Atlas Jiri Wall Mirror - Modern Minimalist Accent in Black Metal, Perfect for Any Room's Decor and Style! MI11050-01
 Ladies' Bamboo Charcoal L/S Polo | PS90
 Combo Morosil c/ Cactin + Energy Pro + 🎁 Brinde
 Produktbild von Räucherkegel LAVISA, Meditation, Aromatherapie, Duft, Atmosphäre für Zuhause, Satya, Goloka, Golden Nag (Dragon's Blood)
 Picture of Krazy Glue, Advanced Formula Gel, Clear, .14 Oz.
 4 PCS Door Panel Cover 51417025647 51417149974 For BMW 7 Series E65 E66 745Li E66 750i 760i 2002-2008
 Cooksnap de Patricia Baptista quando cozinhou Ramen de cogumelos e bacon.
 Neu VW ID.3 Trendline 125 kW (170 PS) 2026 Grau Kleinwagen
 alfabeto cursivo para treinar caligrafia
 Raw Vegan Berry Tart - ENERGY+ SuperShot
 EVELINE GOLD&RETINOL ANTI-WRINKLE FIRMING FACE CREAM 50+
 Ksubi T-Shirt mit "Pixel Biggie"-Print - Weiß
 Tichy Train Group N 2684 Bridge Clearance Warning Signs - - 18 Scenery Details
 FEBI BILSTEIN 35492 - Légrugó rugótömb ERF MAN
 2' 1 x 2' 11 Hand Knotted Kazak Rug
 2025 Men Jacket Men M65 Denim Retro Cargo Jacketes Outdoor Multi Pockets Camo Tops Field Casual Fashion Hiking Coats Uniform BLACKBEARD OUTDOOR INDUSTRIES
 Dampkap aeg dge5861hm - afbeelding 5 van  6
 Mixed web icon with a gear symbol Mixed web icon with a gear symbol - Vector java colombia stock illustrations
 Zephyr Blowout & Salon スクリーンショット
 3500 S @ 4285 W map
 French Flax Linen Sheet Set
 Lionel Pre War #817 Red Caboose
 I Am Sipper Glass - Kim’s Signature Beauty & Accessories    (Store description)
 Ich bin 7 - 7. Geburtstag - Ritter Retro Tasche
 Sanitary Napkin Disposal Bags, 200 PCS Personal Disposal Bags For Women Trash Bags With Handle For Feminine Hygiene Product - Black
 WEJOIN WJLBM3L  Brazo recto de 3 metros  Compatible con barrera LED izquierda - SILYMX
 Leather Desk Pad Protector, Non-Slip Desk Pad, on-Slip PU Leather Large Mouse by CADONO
******
== What you will do ==
In the listing above, find each line containing "Retro" and copy it.

== Response for this exercise ==
 2025 Men Jacket Men M65 Denim Retro Cargo Jacketes Outdoor Multi Pockets Camo Tops Field Casual Fashion Hiking Coats Uniform BLACKBEARD OUTDOOR INDUSTRIES
 Ich bin 7 - 7. Geburtstag - Ritter Retro Tasche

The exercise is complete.